Hi @Songlin_Zheng, great catch! We will make the improvement with the “?” on both mxnet and torch version.

when running this cell:
#@save
d2l.DATA_HUB[‘fra-eng’] = (d2l.DATA_URL + ‘fra-eng.zip’,
‘94646ad1522d915e7b0f9296181140edcf86a4f5’)

#@save
def read_data_nmt():
“”“Load the English-French dataset.”""
data_dir = d2l.download_extract(‘fra-eng’)
with open(os.path.join(data_dir, ‘fra.txt’), ‘r’) as f:
return f.read()

raw_text = read_data_nmt()
print(raw_text[:75])

the following error occured:
UnicodeDecodeError: ‘gbk’ codec can’t decode byte 0xaf in position 33: illegal multibyte sequence

I fixed this by modify this line:
with open(os.path.join(data_dir, ‘fra.txt’), ‘r’) as f:
to:
with open(os.path.join(data_dir, ‘fra.txt’), ‘r’, encoding = ‘utf-8’) as f:

Who can explain “the histogram of the number of tokens per text sequence” to me?
I didn’t understand how the picture was drawn.

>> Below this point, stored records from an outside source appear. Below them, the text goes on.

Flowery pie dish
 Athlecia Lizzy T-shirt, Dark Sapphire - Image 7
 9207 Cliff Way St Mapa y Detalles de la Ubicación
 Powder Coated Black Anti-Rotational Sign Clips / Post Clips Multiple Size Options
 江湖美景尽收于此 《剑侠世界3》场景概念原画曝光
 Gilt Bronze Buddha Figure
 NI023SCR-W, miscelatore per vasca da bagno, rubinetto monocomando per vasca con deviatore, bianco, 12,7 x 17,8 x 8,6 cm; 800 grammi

I think truncate_pad() should add ‘eos’ when truncate is performed:

def truncate_pad(line, num_steps, padding_token, eos_token):
    if len(line) > num_steps:
        return line[:num_steps-1] + [eos_token]
    return line + [padding_token] * (num_steps - len(line))

otherwise Truncate_pad() may delete ‘eos’.